#### [EXERCISE OBJECTIVE]
Give again the lines from the line with "the 182 blink" to the last line of the records, exactly and in full. Do not carry over any pictures.

#### [DATA TO PROCESS]

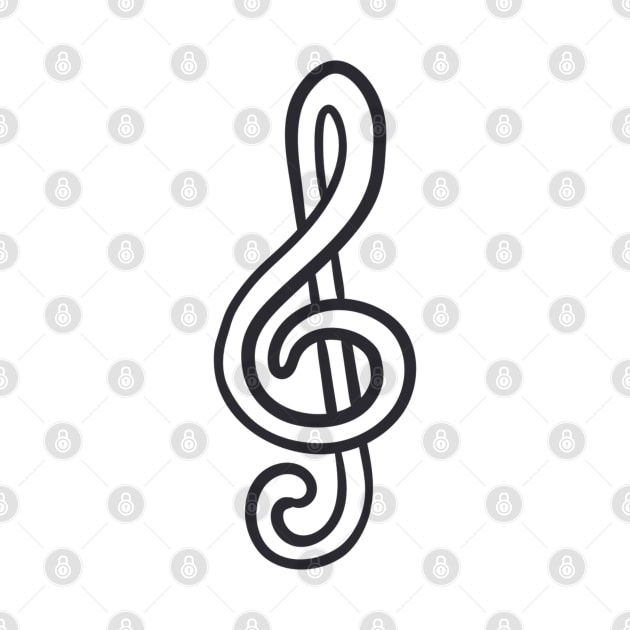 Treble Clef by MajorCompany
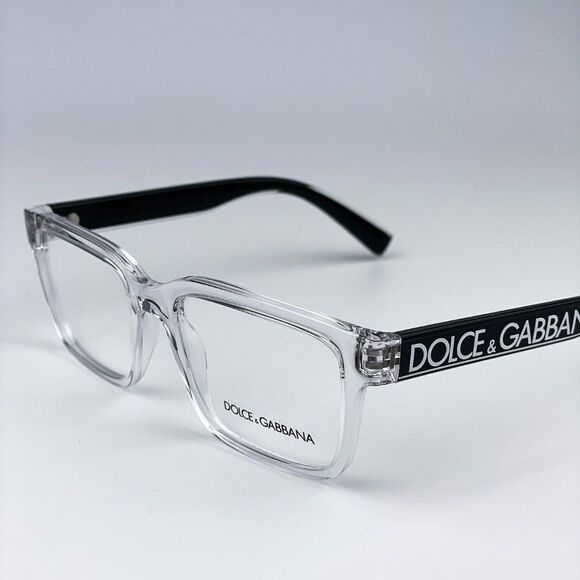 NEW D&G DG5102 3133 Crystal Black Rectangle Men Eyeglasses - Picture 5 of 12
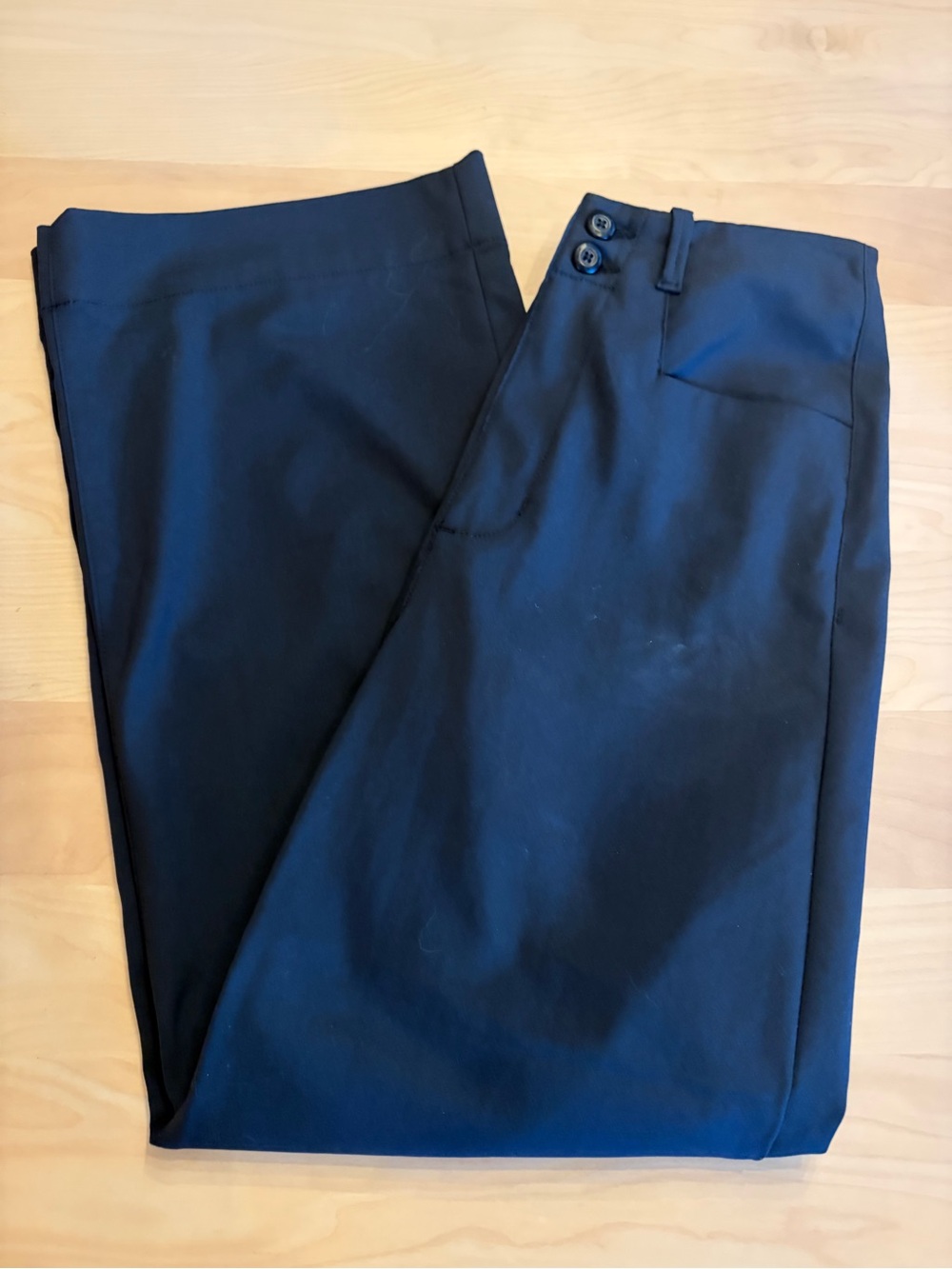 DU/ER Women's Black Wide-Leg Pants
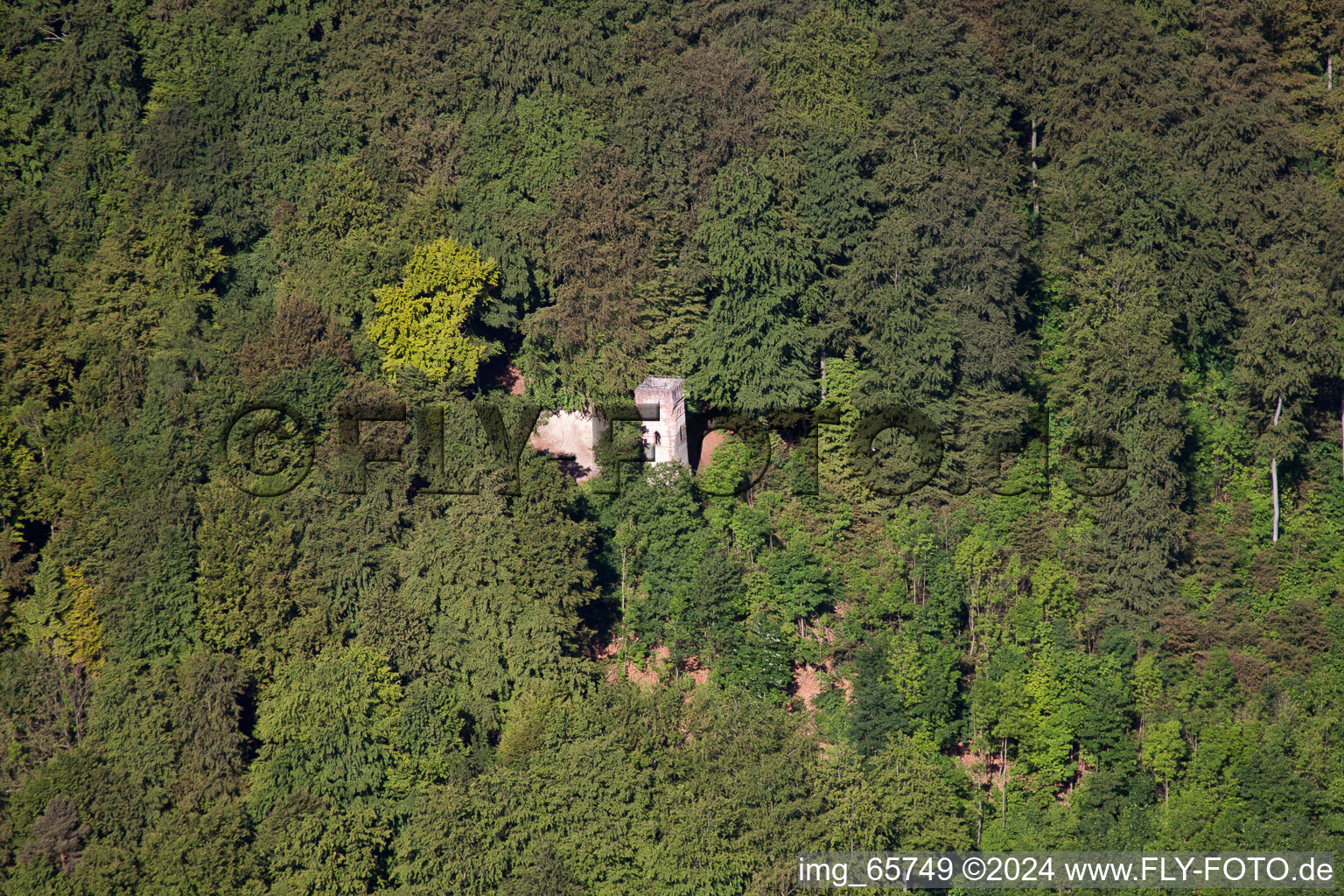 Drone image of Höxter in the state North Rhine-Westphalia, Germany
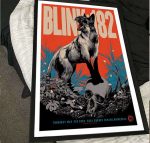 the 182 blink poster in St Paul Minnesota may 4th 2023 poster Wall Hanging Decor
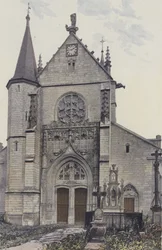 Lhuitre, Kirche, Fassade O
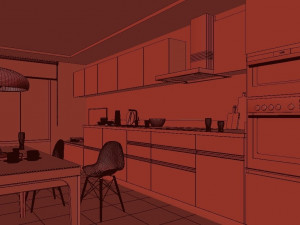 scandinavian kitchen 3D Модель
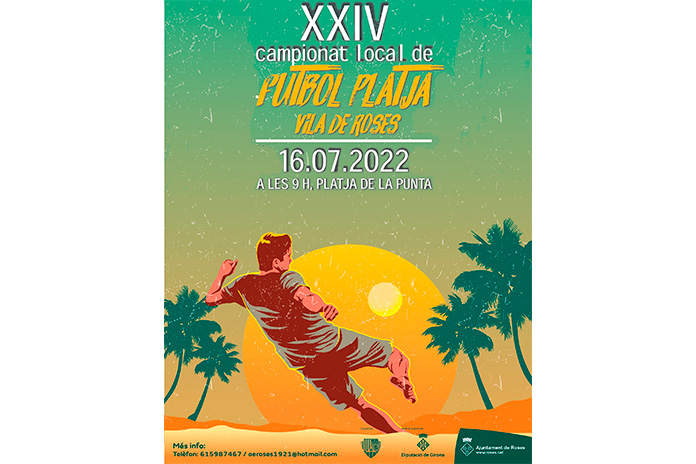 Campionat de futbol platja Vila de Roses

#### [RESPONSE TO THIS TASK]
 the 182 blink poster in St Paul Minnesota may 4th 2023 poster Wall Hanging Decor
 Lhuitre, Kirche, Fassade O
 scandinavian kitchen 3D Модель
 Campionat de futbol platja Vila de Roses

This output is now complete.